Quote Originally Posted by WhamBamSam
I would argue that "spellcaster levels" refer to effective levels of casting progression, so a Wizard 8 and Wizard 3/Master Specialist 5 would have the same spellcaster level of 8 as they both cast as an 8th level Wizard.
etc.

There seems to be this unfounded assumption that spellcaster levels somehow refers to class levels, rather than caster levels. Where does this come from? I don't know. The glossary is not entirely silent on this subject. There are entries for both "caster level" and "spellcaster", neither of which requires a character capable of casting spells/spellcaster to have its caster level equal to their class level in a spellcasting class (see PHB glossary for details). In fact, you will note that when class levels are mentioned, they are worded in a very specific manner, "the spellcaster's class level." Not, "spellcaster level."

Furthermore, I submit the wording of the Master Spellthief feat itself as evidence of its function. First of all, the feat grants three separate effects, thus has three separate sections. They are worded differently, so let's start by separating them and then note the distinctions:

Quote Originally Posted by Master Spellthief part 1 (stealing spells)
Your spellthief levels stack with levels of other arcane spellcaster classes (that is, levels of any class that grants arcane spellcasting other than the spellthief) for the purpose of determining what level of spell you can steal. For example, a 4th-level spellthief/4th-level wizard could steal spells of up to 4th level, as if he were an 8th-level spellthief.
It deals with levels in classes that grant (or advance) arcane spellcasting and specifically and repeatedly uses the word "classes" or "class" to make sure we understand the distinction. Note the specific use of the words, "levels of other arcane spellcaster classes," and not, "spellcaster levels."

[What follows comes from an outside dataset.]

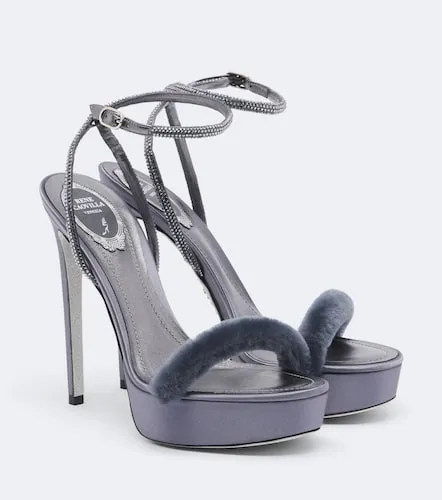 Embellished satin platform sandals - Rene Caovilla - Modalova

Quote Originally Posted by Master Spellthief part 2 (spellcaster levels)
Your spellthief and arcane spellcaster levels also stack when determining your caster level for all arcane spells. The character described above would have a caster level of 8th for both his spellthief spells and his wizard spells.
Here it clearly deviates from the language used in the first portion of the feat, specifying this time "arcane spellcaster levels" and not just levels in an arcane spellcasting class. The PHB glossary's distinct use of the words "spellcaster's class level" under the glossary entry for caster level is important here when assessing the feat's function. The words "class level" need to follow in order for something to be referring to levels in classes--as they do in the first section of the feat--whereas "spellcaster levels" is most likened to "caster levels".

Quote Originally Posted by Master Spellthief part 3 (armored casting)
In addition, you do not incur a chance of arcane spell failure for arcane spells cast or stolen from other classes, but only if you are wearing light armor. You incur the normal arcane spell failure chance when wearing medium or heavy armor or when using a shield.
No one argues about what this does, but it's included here for completion to make sure you're all clear on the distinction between each of the feat's abilities.

TLDR: In the feat Master Spellthief use of the words "spellcaster levels" is equivalent to "caster levels", while use of the words "levels of arcane spellcaster classes" is equivalent to "spellcaster's class levels" in a class that grants arcane spellcasting.




Quote Originally Posted by Jowgen
MT grants us a wizard spellbook. With the exception of Conjuration, Evocation and Necromancy, all wizard spells are spellthief spells as well, and therefore eligible for being copied into our spellbook. As spells we have in our spellbook technically count as known [...]
Are you sure you haven't read one of my threads on the subject before? This is even part of the build I originally referenced you to.

Quote Originally Posted by Anthrowhale
There is text in the Rules Compendium which says that spontaneous casting from class A cannot use spells known from class B. This was a big disappointment for Wizard 1/Archivist n with Uncanny Forethought.
Feats like Versatile Spellcaster and Uncanny Forethought don't grant spontaneous spellcasting and are not considered spontaneous spellcasting. They have specific language for their specific functions and specific trumps general. Reading it any other way is trying to convolute the subject. It's best to read the rules in the simplest manner possible.